After a phenomenal first half, defenders from the Notre Dame Knights (Brampton, Ont.) largely contained him.
They threw double teams at him, clogged the lane, swarmed him when he moved toward the basket.
And in doing so, they clawed their way back into a lopsided game and forced overtime.
OFSAA battle for St. Michael’s
Wyse was banged up. His ankle was sprained, he said. There was a contusion in his left shoulder. Both legs cramped up. He moved gingerly, fighting through pain.
Still, the 6-foot-4 sophomore was head and shoulders above most other players on the court. He needed to dig deep. He needed to find a way to win this winnable game.
So with St. Michael’s down 59-57 and three seconds left in the extra frame, he gathered a pass on the right wing, took a giant step to his left, and arrived at the top of the key.
He crossed over to his right, shaking a defender slightly, straightened up, and nailed a step-back three-pointer to give the Raiders a 60-59 lead.
Moments later, after Notre Dame flubbed a final inbounds play, the victory was secure. Wyse crouched low to the floor and held his head in his hands.
OFSAA tourney a proving ground
His teammates hugged him, hyped him up, beamed as if they couldn’t believe he made that shot.
“I was so emotional, man,” he said later, in a post-game interview with BasketballBuzz.
“I had some tears rolling down … after hitting that shot, I felt like the world just got lifted off my shoulders. It was amazing. Just amazing.”
Wyse and lanky Raiders forward Noah Pistilli were key reasons why St. Michael’s jumped out to a 14-2 first-quarter lead. They combined on a series of layups and pull-up jumpers that left the Knights on their heels.
Notre Dame adjusted well, and trailed by just three points (36-33) at halftime. Knights guard Naheem Davidson made several key shots, some from beyond the arc.
Early in the third quarter, fifth-year forward Cameron Francis gave Notre Dame its first lead of the game on a layup near the six-minute mark.
The rest of the game was evenly-played. In its final moments, the victory was still up for grabs. Phoenyx Wyse decided to snatch it.
OFSAA win a building block
“It felt easy at the beginning,” he said, referring to the first quarter.

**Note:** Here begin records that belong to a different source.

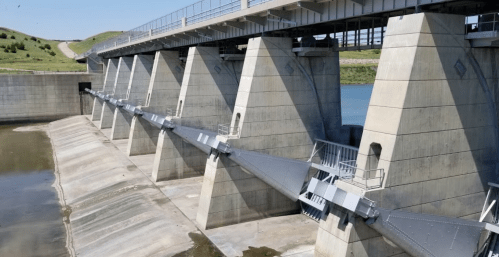 A concrete dam with large gates and supports, surrounded by water and grassy hills in the background.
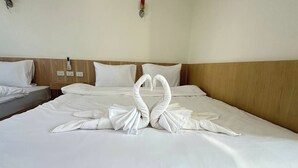 A hotel room with a large bed, two pillows, a bedside table with a lamp, and a wall-mounted outlet. - The White House P&N Hotel Chiang Rai (Wiang Chai)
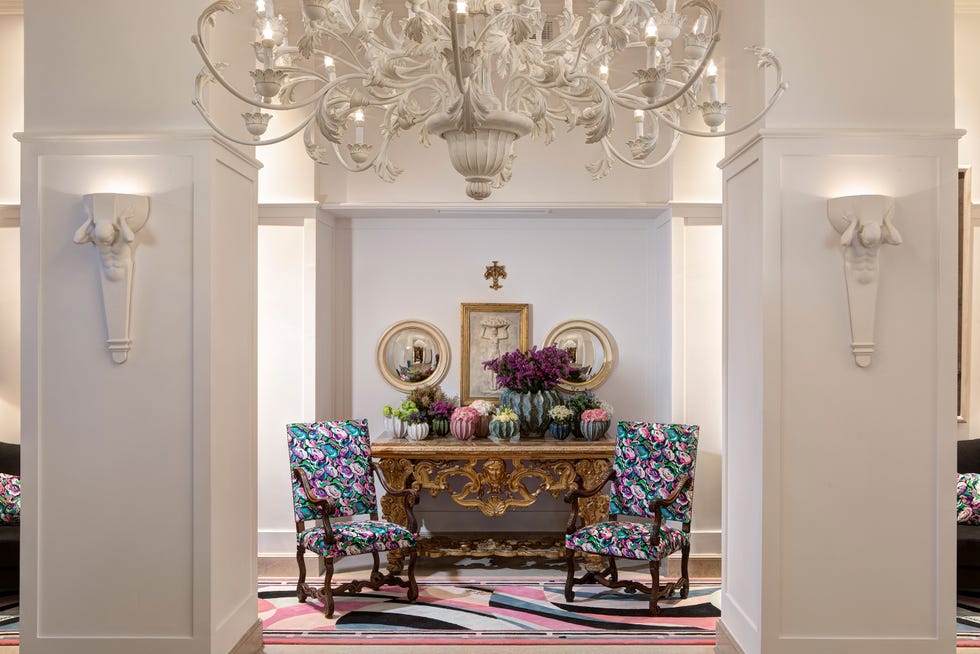 hotel interiors with two brightly upholstered armchairs, a white rococo chandelier, and a gilded table topped with plants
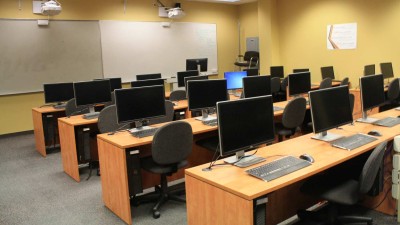 Computer lab with wooden desks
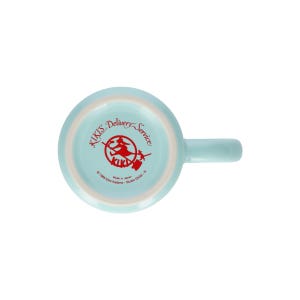 May include: A light blue ceramic mug viewed from the bottom, featuring a red graphic of a character on a broomstick. The text reads Kiki's Delivery Service, 1989 Eiko Kadono - Studio Ghibli - N, and Made in Japan, printed in red on the base.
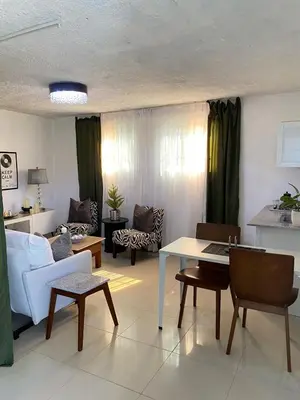 a living room with a couch and a table at Blessed house 
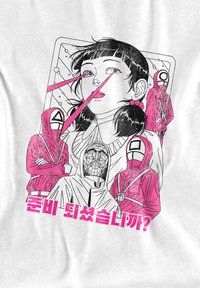 Graphic t-shirt featuring a white background, black and pink illustration of a girl with laser eyes, flanked by masked figures and Korean text.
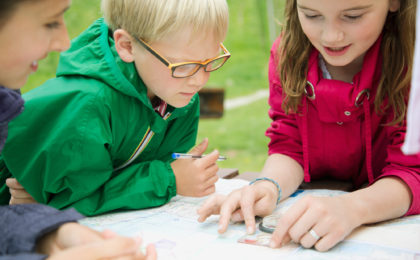 elementary students using navigation tools outdoors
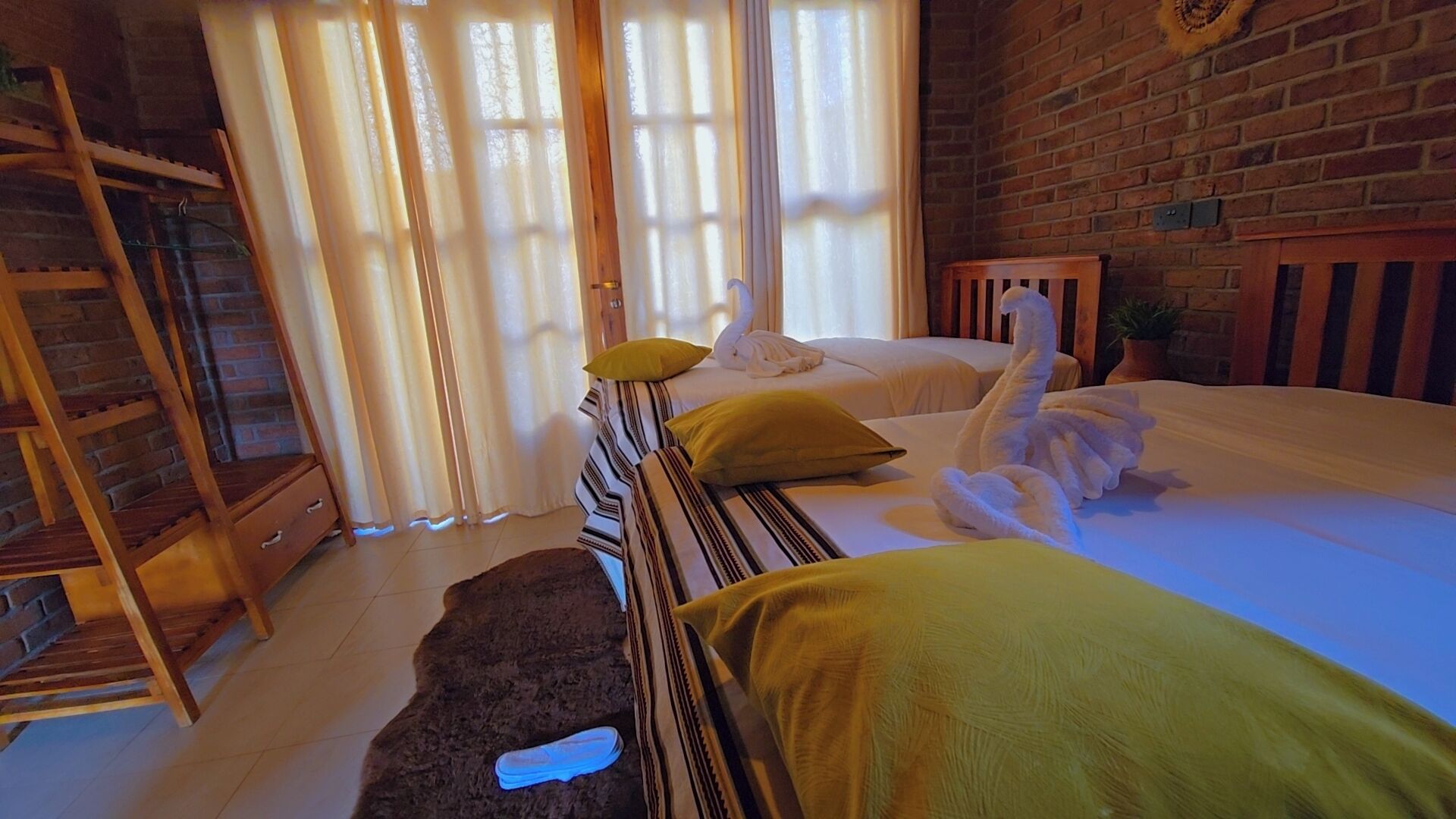 Habitación de hotel con pared de ladrillo, escalera de madera, cama con ropa de cama a rayas y toalla con forma de cisne.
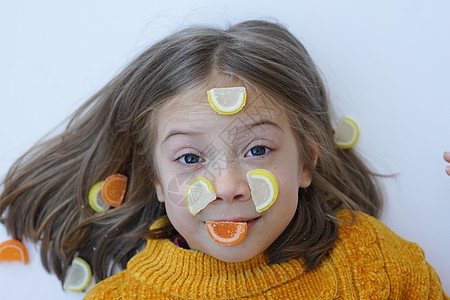 一个小女孩的肖像 与糖果躺在地板上 和毛发在黄色毛衣中喜悦甜蜜食物说谎女孩孩子卷曲饮食甜点女性图片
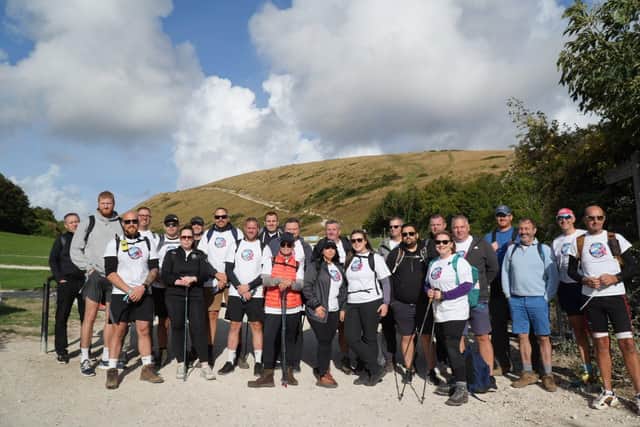 Mammoth walk along the Jurassic Coast raised more than £27,000 in fight against cancer.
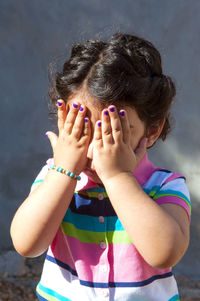 Cute girl covering face while standing outdoors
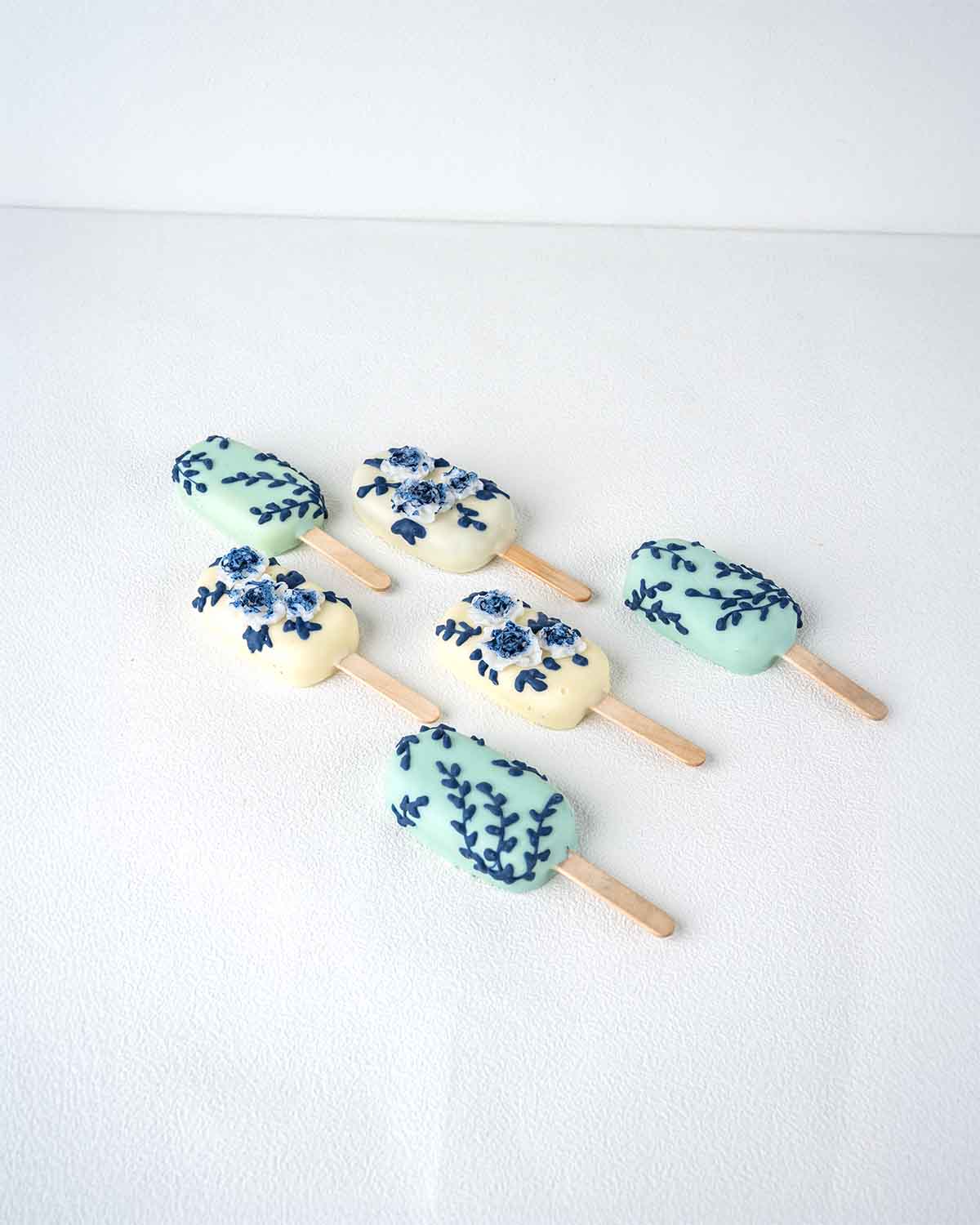 White and Blue CakesiclesChocolate & ConfectioneryWhite and Blue Cakesicles – A Sophisticated Sweet for Any Celebration Add a touch of elegance to your celebration with these beautifully designed white and blue cakesicles. Dipped in smooth chocolate and d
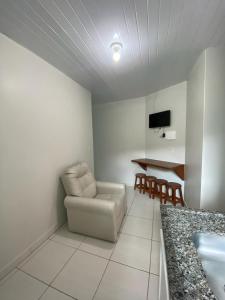 a living room with a chair and a table at Pousada Baia dos Golfinhos in Governador Celso Ramos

“But I have to give props … they came in, working our guards. They started to lock me up, got me frustrated. But me and my team, we realized we can do this. We have to push through.”
Wyse wanted to score, but knew he needed to trust his teammates. He passed more, picked his spots.
“Man, I won’t lie. It was rough,” he said, referring to the defence’s stifling tactics.
“But eventually I realized I have to use my team more. Since they’re [the defence is] coming on me, there’s has to be someone that’s open.”
St. Michael’s entered OFSAA with the fourth seed, and posted decisive wins over St. Patrick’s (Ottawa, 58-44), Lo-Ellen Park (Sudbury, 65-59) and Sarnia Northern (63-54).
They fell 59-43 to eventual gold medallists Oakwood Collegiate, setting up a matchup with consolation champion Notre Dame in the bronze medal game.
Time will tell if St. Michael’s finds another gear next season. The bulk of the team is eligible to return, with four Grade 10 students and seven Grade 11s listed on its OFSAA roster.
“My expectation is to win gold now,” said Wyse. “That’s mostly it.”